Leonard Ward

Personal information
- Full name: Leonard Foster Ward
- Born: 24 March 1866 Middleton, Lancashire
- Died: 1 September 1945 (aged 79) St. Helier, Jersey

Domestic team information
- 1899: Derbyshire

Career statistics
| Competition | First-class |
| Matches | 1 |
| Runs scored | 0 |
| Batting average | 0.00 |
| 100s/50s | 0/0 |
| Top score | 0 |
| Catches/stumpings | 0/– |
- Source: CricketArchive, April 2012

= Leonard Ward (English cricketer) =

English cricketer and clergyman (1866–1945)

Leonard Foster Ward (24 March 1866 - 1 September 1945) was an English clergyman and cricketer who played first-class cricket for Derbyshire in 1899.

==Life==
Ward was born in Middleton, Lancashire, the second son of Rev Charles Bruce Ward and his wife Hannah Maria Blagg. His father had played first-class cricket for Oxford University. Ward was educated at Denstone College and Selwyn College, Cambridge. He made his cricketing debut in 1887 for the Gentlemen of Derbyshire vs. the Gentlemen of Canada. He was ordained deacon at St Albans in 1893, and priest in 1894. From 1893 to 1895 he was curate of Wrexham, Denbighshire. He then became curate of Whitfield, Derbyshire.

Ward appeared in one first-class match for Derbyshire during the 1899 season, against Lancashire. He was bowled out for a duck in both of his innings, first by onetime Test cricketer Arthur Mold, and secondly by Test cricketer Albert Ward.

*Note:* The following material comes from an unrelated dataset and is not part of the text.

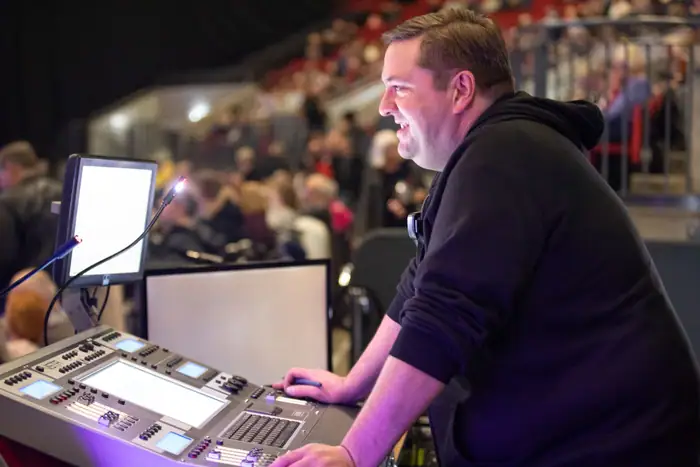 Dave Catley programming a lighting console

Ward left Whitfield in 1904 and became curate in charge at All Saints Church St. Helier, Jersey. He was the vicar there from 1916 to 1945.

Ward died at St Helier at the age of 79.

==Family==
Ward married Ruby Smith of Glossop, and had a family. His brother Cyril Ward (1863–1935) was a noted watercolour painter. His cousins Charles and Herbert were also first-class cricketers.